Les
États-Unis d’Amérique sont cités en exemple comme modèle politique. Avec
raison. Après tout, le pays symbolise la liberté, l’innovation, le prestige. C’est
dans ce pays qu’on retrouve les plus grandes universités (pensons à la Ivy
League), les plus grandes entreprises d’innovation technologique (pensons à la
Silicon Valley), les institutions financières qui dictent la marche à suivre à
bon nombre d’États. Comme gendarme du monde (hard power), mais aussi comme modèle culturel (soft power), les États-Unis exportent encore chaque jour l’image
d’une Amérique triomphante. Néanmoins, la campagne présidentielle actuelle
soulève une fois de plus des questions immenses sur le caractère désuet de la
démocratie étasunienne. Loin de symboliser le progrès et la liberté, ce système
politique est sclérosé, élitiste et gangrené. Examinons la situation.
Le
système est sclérosé. Pour s’en convaincre, il n’y a qu’à observer la présidence
de Barack Obama depuis 2009. À la fondation des États-Unis, le système de checks and balances a été mis en place
pour empêcher les abus possibles d’un des trois pouvoirs (exécutif, législatif
ou judiciaire). Soit. Mais cela fonctionne tellement bien qu’Obama a dû
renoncer à une réforme substantielle du système de santé, qu’il a été dans
l’impossibilité d’apporter quelque changement que ce soit en matière de
contrôle des armes à feu et qu’il a été contraint de suivre l’agenda du Congrès
républicain (depuis 2011) quant aux dépenses de l’État. Même à l’international,
les initiatives du président sont sans cesse contrecarrées (fermeture de
Guantanamo, actions pour lutter contre les changements climatiques,
rapprochements avec Cuba et l’Iran). Pourquoi tant de soucis? Parce que la
partisannerie transcende désormais la chose
publique, éloignant démocrates et républicains de tout compromis possible. L’arrivée
du Tea Party dans le paysage politique depuis 2008 radicalise une frange
importante des partisans républicains et exacerbe ainsi les tensions avec le
parti rival.
Le
système est élitiste. Certains pourraient parler d’« oligarchie » compte tenu
du fait que la moitié des élus au Congrès sont millionnaires. Pour ceux qui
aspirent aux postes de pouvoir, les campagnes électorales sont coûteuses et
réservées exclusivement à l’élite des deux grands partis. Pour un candidat
indépendant, les chances d’être élu sont pratiquement nulles. Quant au système
de vote, il comporte des éléments issus d’une autre époque tel que le système
des Grands électeurs. Toutefois, le plus discriminatoire des éléments est sans
doute la ségrégation informelle qui tient des membres de communautés en entier hors
de l’engagement civique (Noirs et Hispaniques).
Le
système est gangrené. Il l’est par les lobbies et groupes de pression qui
exercent une influence colossale sur les élus. Rappelons à cet effet que les
États-Unis sont en élection à toutes les deux années, d’où l’influence marquée
de tels groupes qui profitent d’un climat électoral permanent. Pour donner
quelques exemples lourds de conséquences, la National Riffle Association (NRA)
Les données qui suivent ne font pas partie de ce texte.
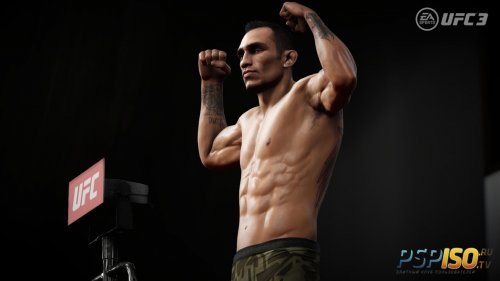 Пришло время записаться на бета-тестирование EA Sports UFC 3
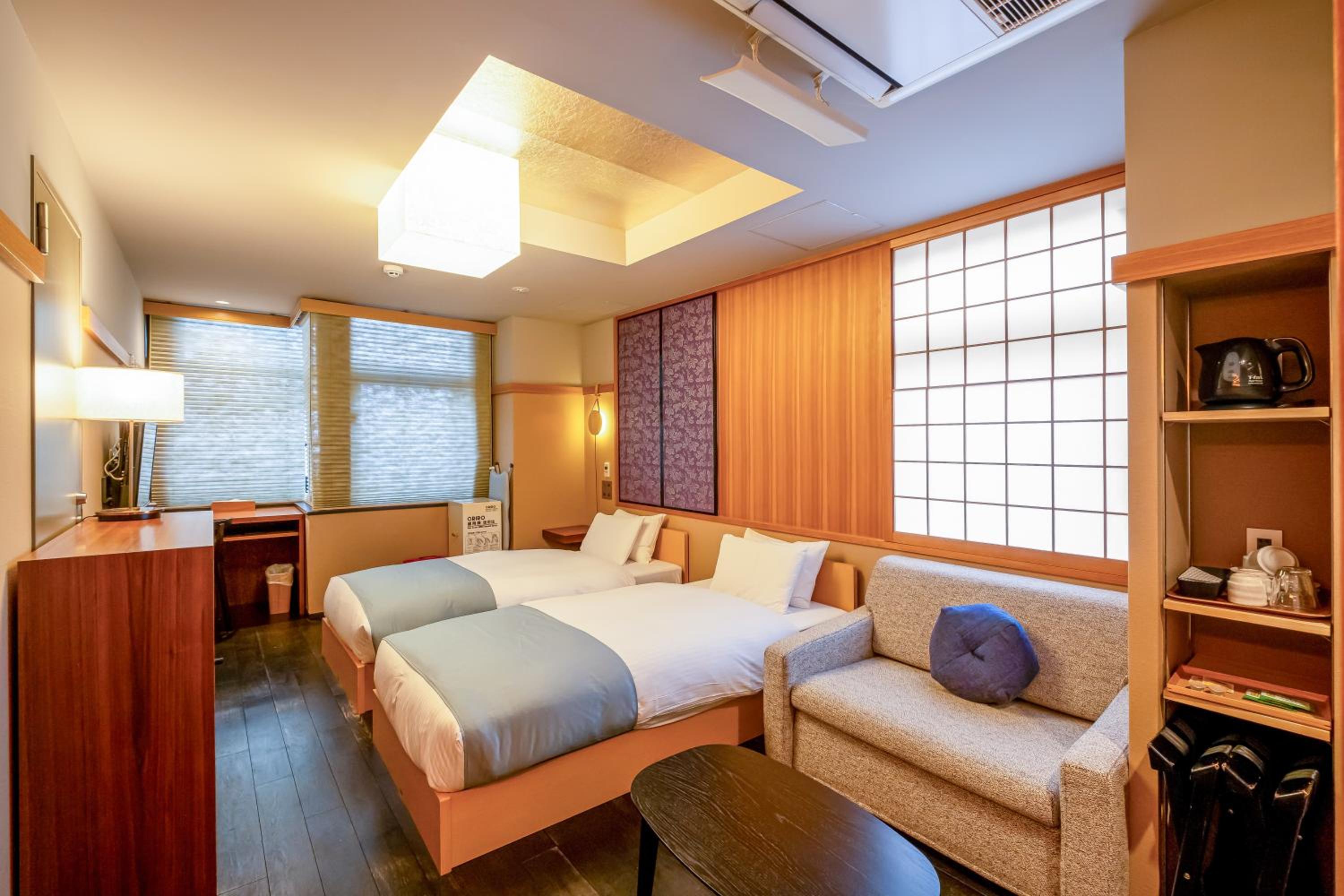 Superior Twin Room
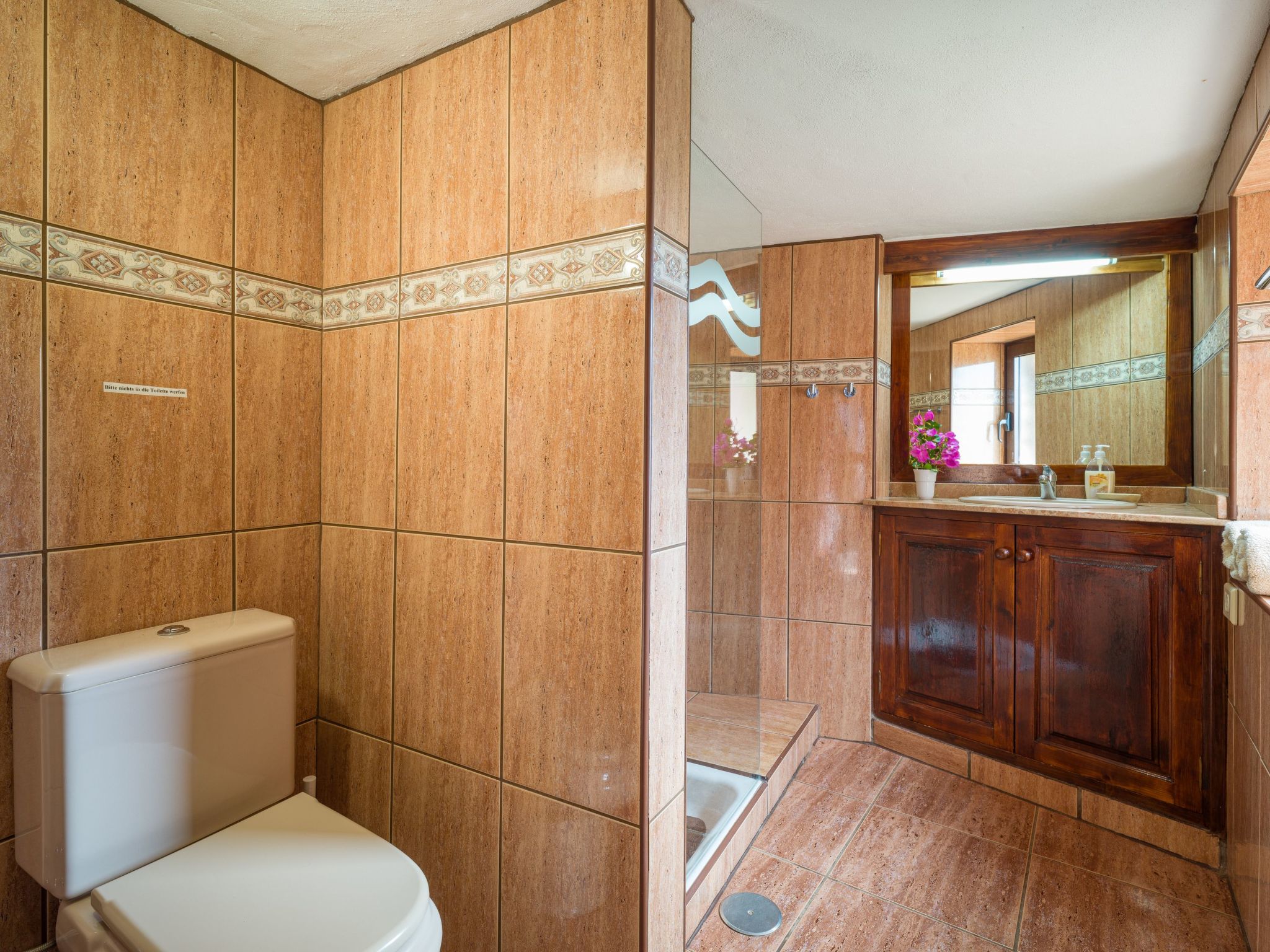 Finca "Castillo Bentley" Schlafen in einer vulkanischen Höhle-Binnen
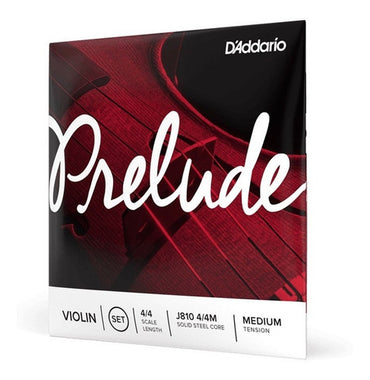Juego Encordado 4 Cuerdas Para Violin D'addario J810 4/4m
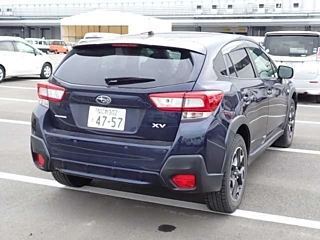 SUBARU XV 2019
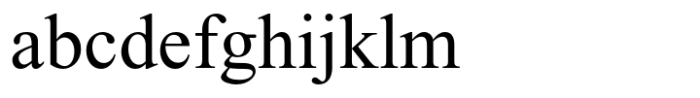 Times New Roman PS Greek Regular FONT
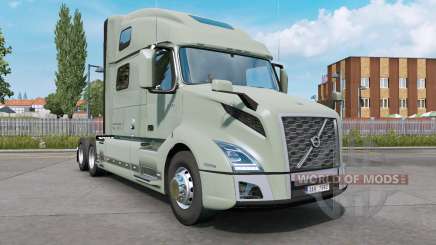 Volvo VNL-series v2.22 для Euro Truck Simulator 2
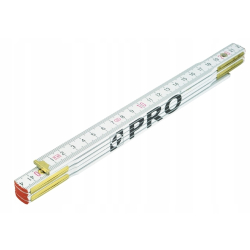Miara składana Pro 2 m B1
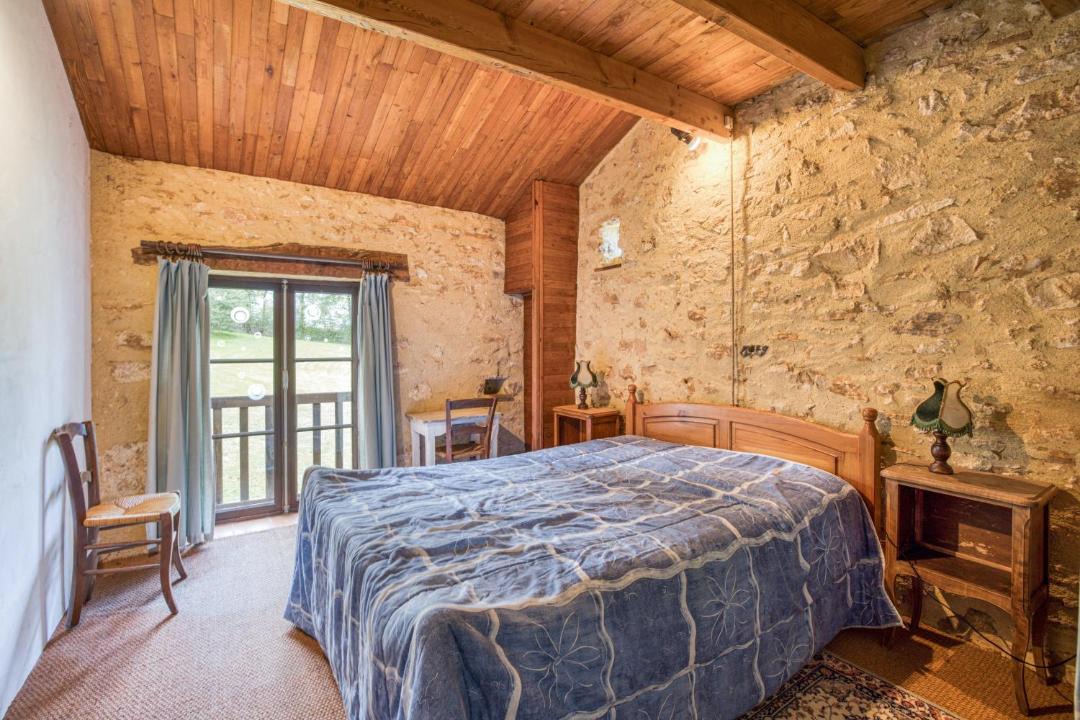 Photo of Bedroom in Gavaudun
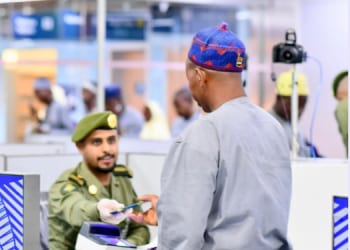 أداء فريضة الحج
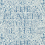 Papel pintado The Beauty of Life Morris and Co Indigo MEWW217190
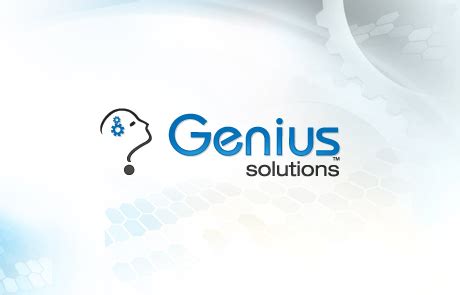 Genius Solutions - Apeiront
bloque toute tentative de contrôle des armes à feu; l’American Israel Public
Affairs Committee (AIPAC) oriente la politique étrangère des États-Unis au Proche
et au Moyen-Orient; des grandes industries pétrolières comme Exxon Mobil ou
Chevron exercent une influence notable sur les politiques énergétiques du pays;
et le dessein des États-Unis se décide davantage à Wall Street qu’à Washington.
En
somme, il serait aisé de se laisser piéger par le cynisme. D’ailleurs, la
campagne dangereusement clownesque de Donald Trump pourrait même nous faire
croire que démocratie rime avec mascarade. Quant aux campagnes de Clinton,
Rubio, Bush ou Cruz, elles ne semblent proposer que la reproduction d’un
système bipartisan figé. Cependant, comme en 2008 quand Obama parlait d’espoir
(Hope) et de changement (Yes we can), les Américains doivent
s’accrocher aux idées progressistes et aux politiciens qui proposent de faire
les choses autrement. Dans cette optique, Bernie Sanders porte un vent de
fraicheur en proposant de s’attaquer au pouvoir de Wall Street. Il propose une
véritable révolution sociale : soins de santé universels, gratuité
scolaire dans les collèges, salaire minimum, fractionnement des grandes
banques. Obama a le mérite d’avoir mobilisé une partie importante de la
population autour d’idées porteuses et de slogans originaux. Le prochain
président devra aller plus loin et assumer des responsabilités sans précédent.
Il devra réformer cette superpuissance.